For dinner Friday night I made roasted chicken breasts on the bone, a traditional chicken dish for the Sabbath that both my husband and I love. This time I made it a little different than usual, and we were both amazed by how moist and juicy it came out. Unfortunately I didn’t take any pictures, but I needed to share this “recipe” since it was so amazing! Here are the steps:

1. In a small dish combine olive oil and a few dashes each of Herbs Provence, marjoram, and chili powder. Then brush the mixture on the chicken breasts, making sure to cover all areas, including the bottom, and place them in a rimmed baking dish.

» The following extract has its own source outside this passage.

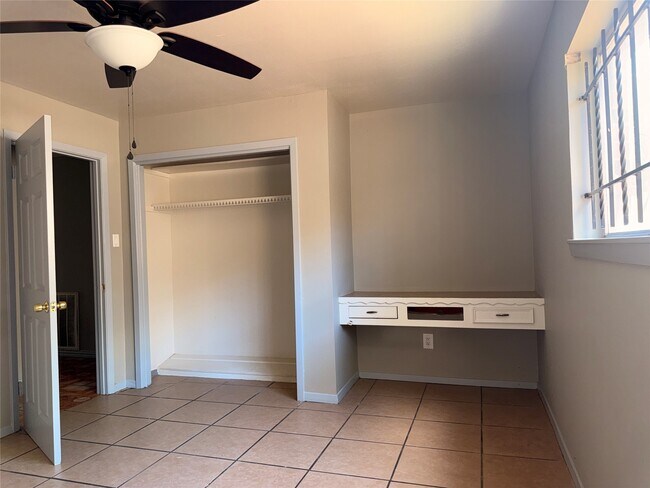 Building Photo - 6841 Flamingo Dr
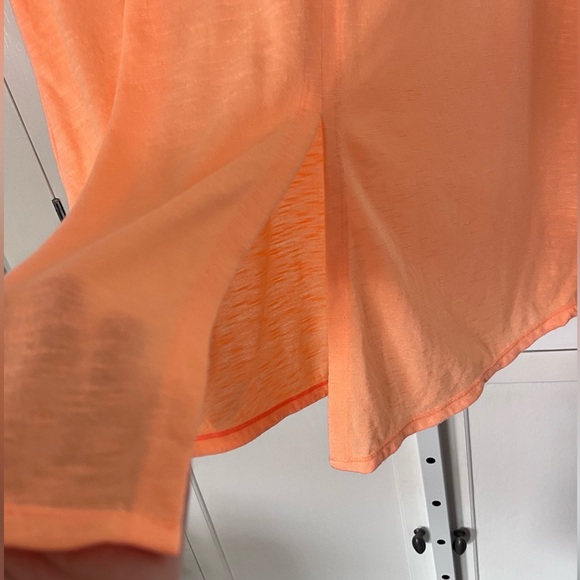 LILLY PULITZER | M | LUXLETIC | split back - Picture 6 of 11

2. Drizzle one teaspoon of lemon juice on each chicken breast and sprinkle chopped garlic (I used 2 cloves) on top. Pour 1/4 cup of white wine (you can also use broth) around (not on top of) the chicken breasts.

3. Roast the chicken for 10 minutes at 400ºF, baste the top of the chicken, and then cook for another 15-20 minutes until the skin is nicely browned and the inner temperature is 150ºF.* Carefully transfer the two chicken breasts to a plate, leaving the drippings in the pan.

4. Pour the drippings and garlic into a sauce pan and add another 1/4 cup of wine (or broth). Simmer the gravy for about 5-10 minutes until it reduces. Serve the chicken breasts with gravy drizzled on top.

*Most cooking thermometers show 180ºF as the temperature to which poultry should be cooked; however, I checked Harold McGee‘s “Keys to Good Cooking: A Guide to Making the Best of Foods and Recipes” to see what he recommended. I am certain that the moistness of my chicken was a result of his recommendations!

Do you have a favorite recipe for roast chicken?

Note: I was not paid or asked to promote Mr. McGee’s book, I just think it’s a great resource!